What needs transcribing is the line with "Feelyou Blue Dragon" and every line after it to the end of the records, exactly and alone, with no pictures.

═══ Provided data

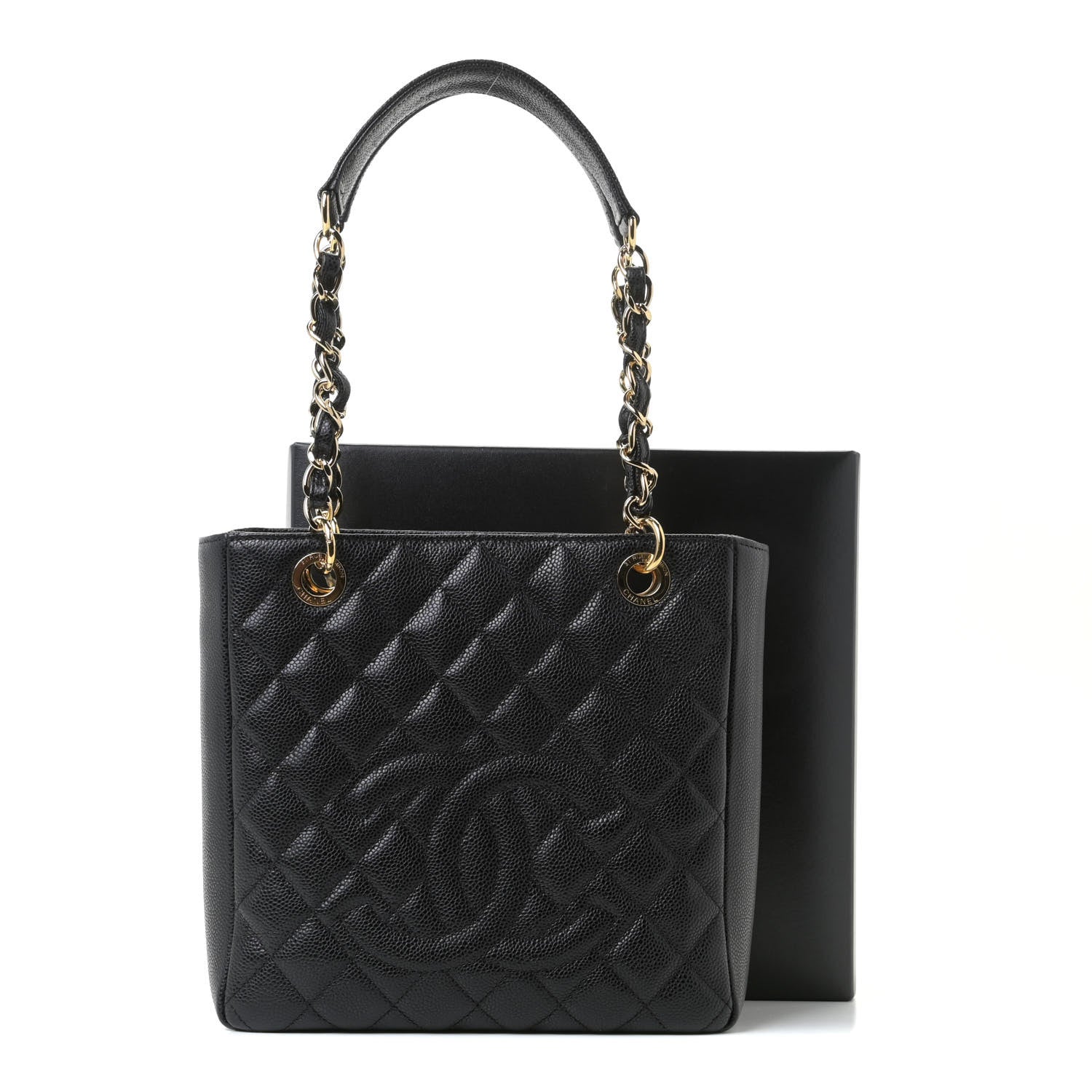 Chanel Caviar Quilted Petit Shopping Tote PST Black 10 of 11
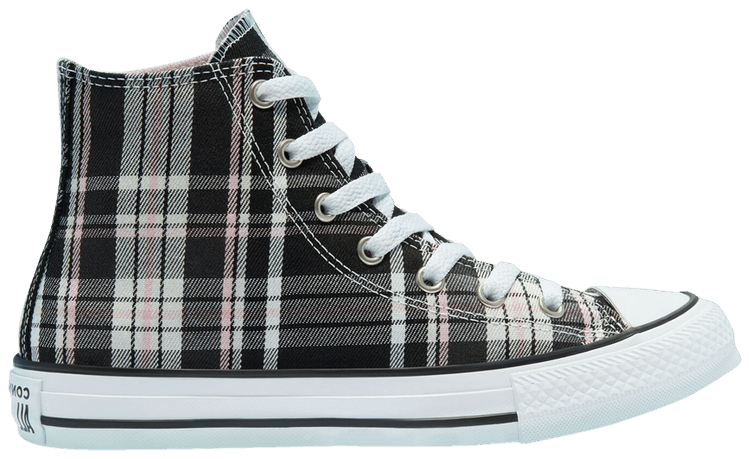 Converse Chuck Taylor All Star High GS Mix and Match   Black Pink Plaid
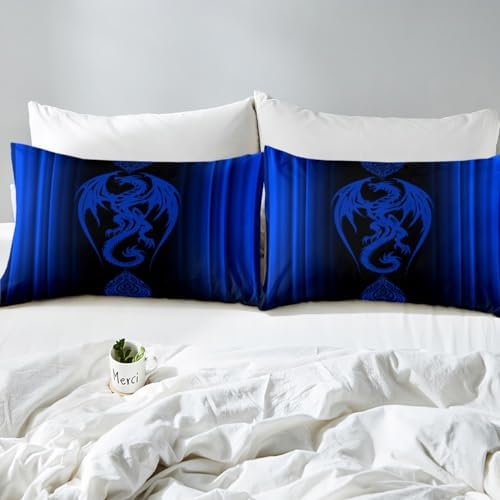 Feelyou Blue Dragon Gradient Bedding Set 3Pcs Full Size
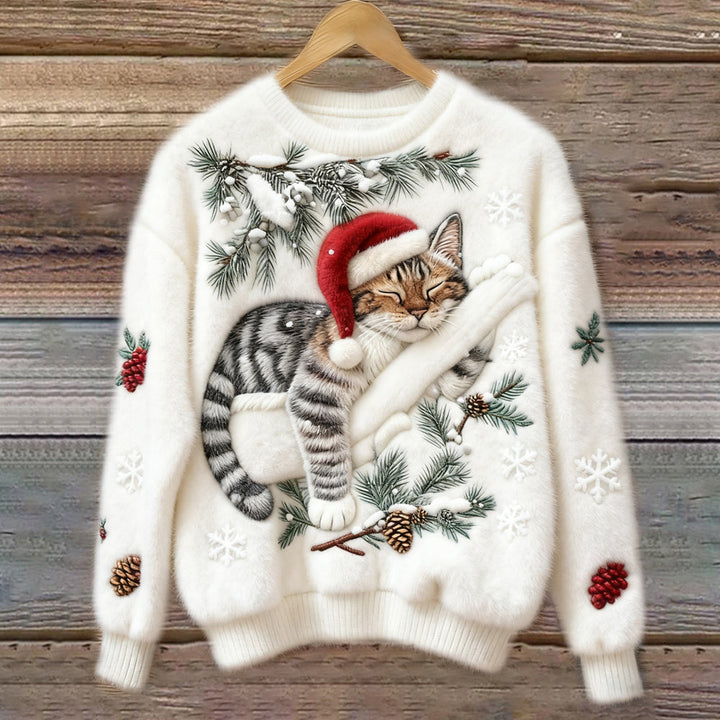 Velira – 3D-Katzenapplikation Pile-Strickpullover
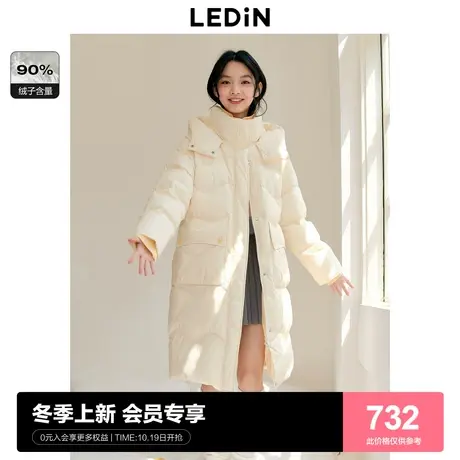 乐町韩系撞色中长款羽绒服23年冬季新款波浪绗缝羽绒少女感厚外套图片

══════

[Answer below]
 Feelyou Blue Dragon Gradient Bedding Set 3Pcs Full Size
 Velira – 3D-Katzenapplikation Pile-Strickpullover
 乐町韩系撞色中长款羽绒服23年冬季新款波浪绗缝羽绒少女感厚外套图片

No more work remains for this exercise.